Ron is a very good Koch. (ha....get what I did there?) He can make really yummy meals out of almost anything, and often, he just throws things together without a recipe. It almost always comes out...edible. There are a few meals, however, that he has perfected, and he does write down the recipe, because he doesn't feel he can improve much upon it. This breaded pork tenderloin sandwich is one of them. I usually buy the huge pork loin when it is on sale for $1.89 or less. This last one I purchased for just $1.59! That is a steal!

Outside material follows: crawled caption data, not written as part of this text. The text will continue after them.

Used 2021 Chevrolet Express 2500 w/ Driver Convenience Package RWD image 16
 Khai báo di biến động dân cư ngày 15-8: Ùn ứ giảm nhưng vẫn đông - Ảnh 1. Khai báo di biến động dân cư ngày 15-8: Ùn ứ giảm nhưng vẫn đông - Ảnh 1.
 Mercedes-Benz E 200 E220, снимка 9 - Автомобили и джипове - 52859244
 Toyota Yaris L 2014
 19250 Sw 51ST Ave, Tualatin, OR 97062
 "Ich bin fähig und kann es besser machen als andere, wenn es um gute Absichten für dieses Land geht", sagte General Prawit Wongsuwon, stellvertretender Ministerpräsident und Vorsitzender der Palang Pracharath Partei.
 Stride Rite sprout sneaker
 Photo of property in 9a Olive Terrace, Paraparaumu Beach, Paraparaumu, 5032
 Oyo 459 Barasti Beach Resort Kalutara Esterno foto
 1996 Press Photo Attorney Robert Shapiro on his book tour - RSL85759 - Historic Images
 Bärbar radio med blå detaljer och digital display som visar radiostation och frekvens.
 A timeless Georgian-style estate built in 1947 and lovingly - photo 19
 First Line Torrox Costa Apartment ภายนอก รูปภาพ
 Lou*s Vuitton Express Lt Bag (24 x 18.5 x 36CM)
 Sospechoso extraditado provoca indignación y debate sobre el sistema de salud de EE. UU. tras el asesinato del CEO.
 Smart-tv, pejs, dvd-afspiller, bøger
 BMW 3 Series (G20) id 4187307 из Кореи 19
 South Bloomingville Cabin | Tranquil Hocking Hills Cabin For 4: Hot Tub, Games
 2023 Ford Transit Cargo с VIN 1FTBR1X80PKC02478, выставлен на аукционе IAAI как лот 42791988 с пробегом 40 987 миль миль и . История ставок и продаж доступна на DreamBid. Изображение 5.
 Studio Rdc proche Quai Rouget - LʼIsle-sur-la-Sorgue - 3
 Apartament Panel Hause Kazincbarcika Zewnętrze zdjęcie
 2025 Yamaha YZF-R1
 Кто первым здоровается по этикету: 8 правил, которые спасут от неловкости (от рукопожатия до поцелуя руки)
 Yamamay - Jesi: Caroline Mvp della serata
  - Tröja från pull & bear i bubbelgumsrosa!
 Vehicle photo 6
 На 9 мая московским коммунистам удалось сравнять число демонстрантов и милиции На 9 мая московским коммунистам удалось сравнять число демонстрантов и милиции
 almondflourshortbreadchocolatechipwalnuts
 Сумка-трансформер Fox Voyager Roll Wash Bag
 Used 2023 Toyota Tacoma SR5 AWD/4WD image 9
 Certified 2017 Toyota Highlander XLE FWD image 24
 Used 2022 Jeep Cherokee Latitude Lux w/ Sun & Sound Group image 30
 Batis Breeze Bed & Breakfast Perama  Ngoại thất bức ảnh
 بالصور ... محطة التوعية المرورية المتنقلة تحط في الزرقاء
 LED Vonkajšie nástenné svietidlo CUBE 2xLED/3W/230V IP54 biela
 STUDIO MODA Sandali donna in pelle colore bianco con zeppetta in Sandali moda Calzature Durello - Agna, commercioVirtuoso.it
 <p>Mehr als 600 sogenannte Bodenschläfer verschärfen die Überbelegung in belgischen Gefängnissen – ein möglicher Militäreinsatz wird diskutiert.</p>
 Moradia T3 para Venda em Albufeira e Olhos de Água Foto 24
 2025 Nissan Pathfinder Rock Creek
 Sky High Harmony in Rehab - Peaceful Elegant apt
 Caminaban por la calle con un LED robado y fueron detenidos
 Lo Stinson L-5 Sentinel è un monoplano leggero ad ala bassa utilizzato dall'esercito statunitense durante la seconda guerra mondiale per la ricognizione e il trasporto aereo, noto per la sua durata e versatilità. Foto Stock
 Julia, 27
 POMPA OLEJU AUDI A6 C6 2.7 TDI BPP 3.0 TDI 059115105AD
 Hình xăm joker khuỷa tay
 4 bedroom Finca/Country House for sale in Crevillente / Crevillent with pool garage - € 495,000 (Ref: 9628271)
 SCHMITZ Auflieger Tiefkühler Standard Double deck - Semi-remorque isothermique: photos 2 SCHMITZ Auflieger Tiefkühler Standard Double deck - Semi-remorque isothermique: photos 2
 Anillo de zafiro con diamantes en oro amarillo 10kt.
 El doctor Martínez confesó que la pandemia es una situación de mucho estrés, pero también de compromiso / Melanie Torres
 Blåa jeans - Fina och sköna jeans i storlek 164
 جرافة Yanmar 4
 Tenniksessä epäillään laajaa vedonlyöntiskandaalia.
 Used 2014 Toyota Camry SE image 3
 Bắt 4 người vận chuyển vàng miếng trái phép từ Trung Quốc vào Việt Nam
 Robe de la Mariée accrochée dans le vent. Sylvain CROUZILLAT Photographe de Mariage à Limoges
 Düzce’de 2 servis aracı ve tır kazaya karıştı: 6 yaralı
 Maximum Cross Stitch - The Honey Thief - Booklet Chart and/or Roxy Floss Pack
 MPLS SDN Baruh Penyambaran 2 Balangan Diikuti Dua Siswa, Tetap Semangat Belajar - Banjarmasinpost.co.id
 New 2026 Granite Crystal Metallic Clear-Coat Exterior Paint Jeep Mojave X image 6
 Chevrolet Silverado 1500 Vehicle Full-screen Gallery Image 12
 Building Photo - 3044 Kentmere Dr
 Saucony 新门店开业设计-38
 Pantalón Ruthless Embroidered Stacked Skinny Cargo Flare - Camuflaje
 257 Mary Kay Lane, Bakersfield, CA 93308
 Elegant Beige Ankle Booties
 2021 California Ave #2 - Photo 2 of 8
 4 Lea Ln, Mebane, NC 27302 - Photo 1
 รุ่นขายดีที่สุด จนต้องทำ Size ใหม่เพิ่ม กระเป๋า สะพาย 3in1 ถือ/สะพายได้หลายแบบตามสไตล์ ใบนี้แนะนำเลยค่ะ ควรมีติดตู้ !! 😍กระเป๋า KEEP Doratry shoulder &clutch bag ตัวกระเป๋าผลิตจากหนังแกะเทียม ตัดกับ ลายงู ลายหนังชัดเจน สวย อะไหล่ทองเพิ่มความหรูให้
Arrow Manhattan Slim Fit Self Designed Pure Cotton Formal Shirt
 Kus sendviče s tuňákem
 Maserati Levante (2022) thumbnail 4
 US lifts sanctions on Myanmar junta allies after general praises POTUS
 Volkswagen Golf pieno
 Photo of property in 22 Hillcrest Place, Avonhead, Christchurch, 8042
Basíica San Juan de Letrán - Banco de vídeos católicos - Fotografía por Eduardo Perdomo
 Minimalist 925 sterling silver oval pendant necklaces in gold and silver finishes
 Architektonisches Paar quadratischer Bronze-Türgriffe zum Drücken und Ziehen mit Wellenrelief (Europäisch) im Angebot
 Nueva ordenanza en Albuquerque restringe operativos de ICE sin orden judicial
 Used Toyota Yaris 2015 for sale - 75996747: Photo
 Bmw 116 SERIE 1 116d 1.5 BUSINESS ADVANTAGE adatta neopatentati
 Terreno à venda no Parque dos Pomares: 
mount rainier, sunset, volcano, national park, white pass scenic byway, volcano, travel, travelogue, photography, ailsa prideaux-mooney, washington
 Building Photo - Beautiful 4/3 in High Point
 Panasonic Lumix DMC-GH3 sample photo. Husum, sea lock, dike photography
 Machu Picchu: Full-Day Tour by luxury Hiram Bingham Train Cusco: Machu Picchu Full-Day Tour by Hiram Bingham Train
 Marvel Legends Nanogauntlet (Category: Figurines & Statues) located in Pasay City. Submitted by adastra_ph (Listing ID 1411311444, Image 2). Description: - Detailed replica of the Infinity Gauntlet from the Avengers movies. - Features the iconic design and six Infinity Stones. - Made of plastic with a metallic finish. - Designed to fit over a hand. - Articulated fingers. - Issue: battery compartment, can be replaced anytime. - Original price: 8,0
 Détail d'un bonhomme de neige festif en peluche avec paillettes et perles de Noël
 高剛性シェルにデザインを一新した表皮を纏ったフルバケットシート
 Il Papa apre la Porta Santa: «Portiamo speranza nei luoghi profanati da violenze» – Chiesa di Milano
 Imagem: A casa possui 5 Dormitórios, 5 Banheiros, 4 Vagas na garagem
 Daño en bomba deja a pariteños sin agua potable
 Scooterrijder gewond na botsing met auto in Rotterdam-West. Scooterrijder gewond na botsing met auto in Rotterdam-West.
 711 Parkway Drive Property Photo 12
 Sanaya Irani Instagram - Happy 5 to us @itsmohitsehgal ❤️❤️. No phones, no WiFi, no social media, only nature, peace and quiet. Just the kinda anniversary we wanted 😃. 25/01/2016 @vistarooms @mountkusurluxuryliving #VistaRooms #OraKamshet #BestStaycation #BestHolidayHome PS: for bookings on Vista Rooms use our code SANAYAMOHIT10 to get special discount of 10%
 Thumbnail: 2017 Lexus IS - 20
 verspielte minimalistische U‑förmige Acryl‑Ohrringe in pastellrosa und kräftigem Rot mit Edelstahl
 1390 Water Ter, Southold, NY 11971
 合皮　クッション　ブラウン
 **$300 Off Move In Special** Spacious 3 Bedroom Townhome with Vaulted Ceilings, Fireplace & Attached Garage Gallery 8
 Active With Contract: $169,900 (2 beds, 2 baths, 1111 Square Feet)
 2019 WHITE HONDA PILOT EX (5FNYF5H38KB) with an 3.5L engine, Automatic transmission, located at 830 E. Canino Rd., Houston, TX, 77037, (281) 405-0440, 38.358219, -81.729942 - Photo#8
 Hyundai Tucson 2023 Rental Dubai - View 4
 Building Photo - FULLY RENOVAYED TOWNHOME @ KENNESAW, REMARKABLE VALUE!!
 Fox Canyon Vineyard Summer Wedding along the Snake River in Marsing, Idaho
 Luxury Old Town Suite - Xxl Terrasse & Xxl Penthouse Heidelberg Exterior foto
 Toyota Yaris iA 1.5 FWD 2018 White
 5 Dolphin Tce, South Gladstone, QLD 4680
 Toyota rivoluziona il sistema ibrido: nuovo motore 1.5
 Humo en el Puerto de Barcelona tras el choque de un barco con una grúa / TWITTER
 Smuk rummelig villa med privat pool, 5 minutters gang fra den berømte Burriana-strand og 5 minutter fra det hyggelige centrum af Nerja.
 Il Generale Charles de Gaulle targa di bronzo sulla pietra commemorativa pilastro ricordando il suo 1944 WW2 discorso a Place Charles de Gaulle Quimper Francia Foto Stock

I freeze it for a few hours, to make it more slice-able (except when I forget and leave it in the freezer, whole, for 3 days. Then I have to saw and saw and saw to get it sliced!) I usually get 4 packages of 4 ( 1/2 - 3/4 inch ) pork "chops" and then a hunk left over for a "roast".
Ron takes a package of thawed pork "chops" and makes them into breaded pork tenderloin sandwiches.
Pound the pork loin slice to about 1/4 thick, as evenly as possible. (Warn people and dogs in your family when you are going to do this....it is startlingly noisy). Marinate overnight in enough buttermilk to cover (2 or 3 cups), with salt, pepper, cayenne pepper and 2 cloves of garlic, pressed. (Sorry folks....he doesn't measure the spices.)
The next day, when you are ready to cook them,
- dip them in flour seasoned with salt and pepper.
- drench in two beaten eggs, mixed with equal part of the leftover marinade
- roll in a mixture of bread crumbs, corn meal, Panko crumbs and Italian seasoning (again...sorry....no measurements)
- Preheat Air Fryer to 400
- Put in air fryer tray sprayed with Pam and spray the top of the tenderloin with Pam. Air fry at 400 for 10 minutes.
- Turn and spray with Pam again.
- Air fry for an additional 5 minutes.
He has also just fried them in oil in a skillet on the top of the stove. Much messier, but it works very well and is delicious. Out of love for his wife and concern for her high cholesterol numbers, he has switched to using an Air Fryer.